千葉卓朗
2015年4月11日10時20分
「アベノミクス」がうたわれて2年あまり。日経平均株価が一時、約15年ぶりに2万円台に達した。だが、かつてのITバブルのような熱気は見られない。不景気続きを体験してきた世代にとっては、投資でのもうけが、消費よりも将来への「守り」に回りそうだ。
株高を見越して、証券会社などが開いている株式投資セミナーは各地で盛況だ。「企業を応援すれば、日本経済の成長にもつながる」。今春、東京証券取引所内で開かれた投資セミナー。会場を埋めた約250人の参加者が講師の説明に熱心に耳を傾けていた。ある女性会社員(31)は「昨年から株式投資を始めた妹に『月に2万円ほど入ってくる』と聞き、やってみたいなと思った」と話した。

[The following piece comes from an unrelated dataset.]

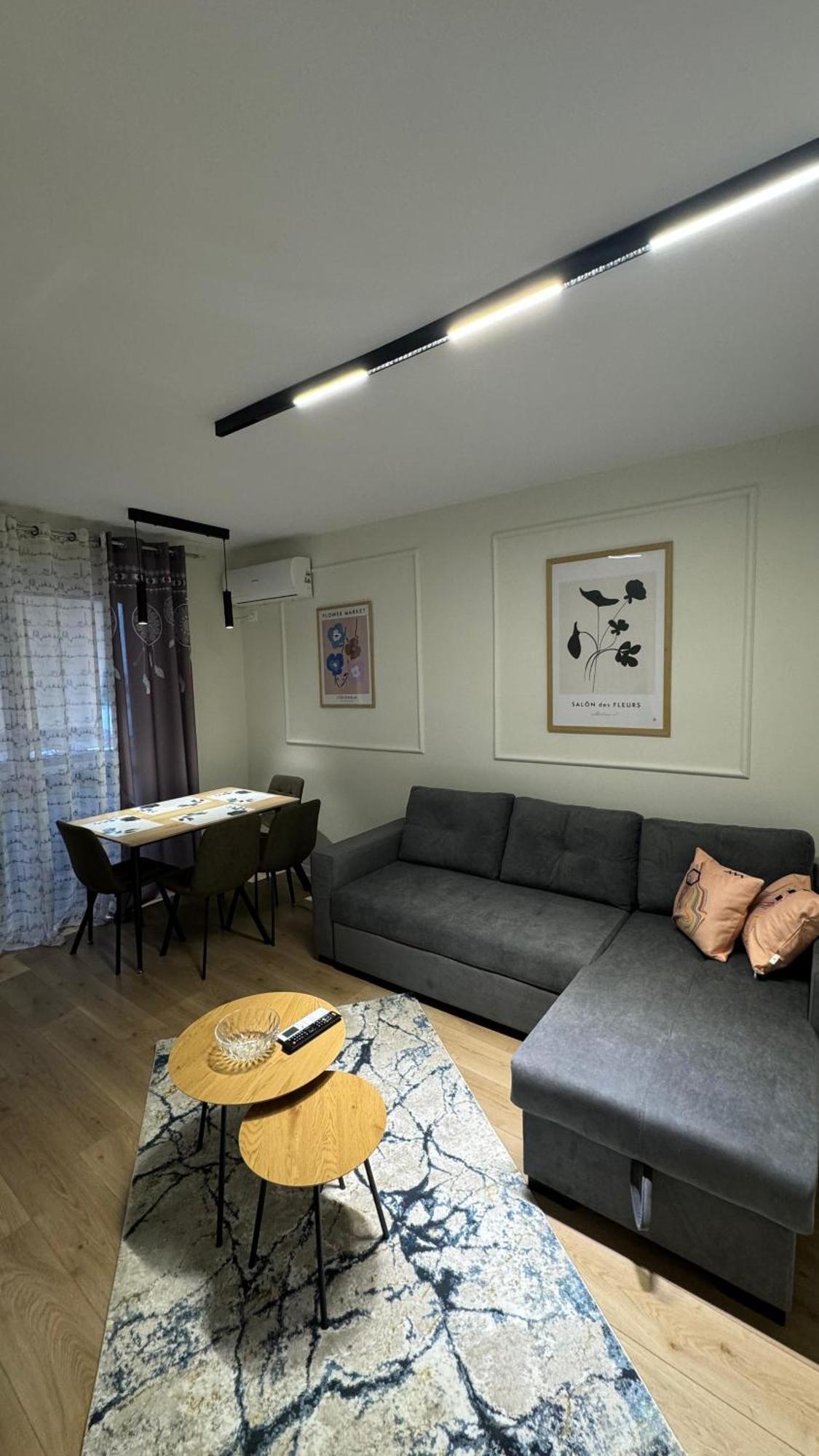 Charming Comfort Apartment Tiran Dış mekan fotoğraf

いま、個人投資家にもうけが出始めている。東京大学株式投資クラブ「Agents(エージェンツ)」のメンバーで経済学部3年関本圭吾さん(20)は、この日午前9時前から東大・本郷キャンパスの教室でiPadを見て株情報をチェックしていた。取引開始から数分後、日経平均株価が2万円台に突入。「ついに大台を超えた」と感じた。約100万円の自己資金はこれまでに、約200万円に倍増したという。
でも、株価2万円がどういうことなのか「正直、ぴんと来なかった」。生まれてからこれまで、日常生活で景気が良くなったと実感したことがないから、景気がいいという状態が分からないという。